The contractor retains all the rights to any artwork or intellectual property produced unless otherwise agreed. This includes the rights to display artwork for marketing purposes (eg on the contractors website).
The customer’s claims to the main service, the contractual service and the granting of rights in this case are limited to the claims of the contractor against the third party. This does not apply insofar as the customer has independent claims against the contractor that exist independently of the contract with third parties. This informs the customer.
If the contractor acts for the customer in relation to third parties, the contractor acts as intermediary in these cases in the relationship between the customer and the respective third party. In particular for domain services and the licensing of software the contractor acts on behalf of the customer and concludes for these contracts.
The contractor assumes no liability for additional content (graphics, texts, images, videos, etc.) added to the offer by the customer once completed. There is no legal examination by the contractor either. Should third parties claim claims for possible legal violations resulting from the contents of the website, the customer undertakes to indemnify the contractor from any liability and to compensate the contractor for the costs incurred as a result of the possible infringement.
The contractor is liable for damages for intent and gross negligence.
In the case of simple negligence, the contractor shall only be liable for damages resulting from injury to life, limb or health as well as for damages resulting from the breach of a material contractual obligation (obligation whose fulfilment enables the proper execution of the contract in the first place and whose compliance the contracting party regularly trusts and In this case, the liability of the contractor is limited to the compensation of the foreseeable, typically occurring damage.
These limitations of liability do not apply if the contractor has fraudulently concealed a defect or has assured its absence. The limitations of liability also do not apply to claims under the Product Liability Act.
The place of fulfilment is the registered office of the contractor. For any disputes arising from this contract, the jurisdiction of the Oxford Combined Court Centre is agreed, unless another jurisdiction is required by law.

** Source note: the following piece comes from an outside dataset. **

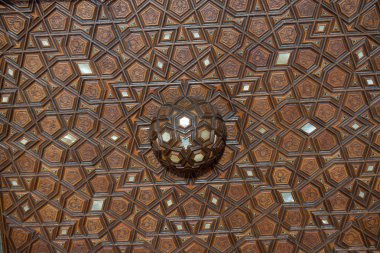 Tahtada geometrik desenli Osmanlı Türk sanatı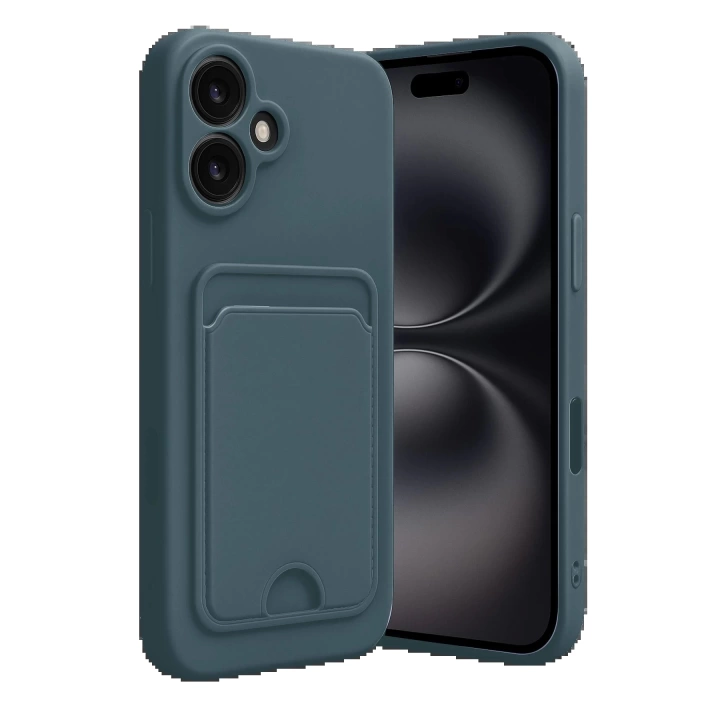 BFS iPhone 16 Kılıf Kelvin Kartvizitli Silikon - Koyu Yeşil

The contract is subject to the law of the United Kingdom of Great Britain and Ireland. The contract language is English.
A right of retention can only be asserted for claims under the respective contract.
Offsetting is only possible with claims already recognized by the other party or determined by a court.
The contracting parties agree that written form is provided for in written form between the parties, which shall be provided by fax, letter or e-mail.
If individual provisions of this contract are or become partially or wholly ineffective, the validity of the remaining contract shall remain unaffected. Such provisions shall be replaced by the remaining provisions, as far as possible by supplementary contractual interpretation or otherwise by the parties amicably by such provisions, which are most suitable for achieving the purpose of the contract, taking into account the interests and the common regulatory need in lawful design.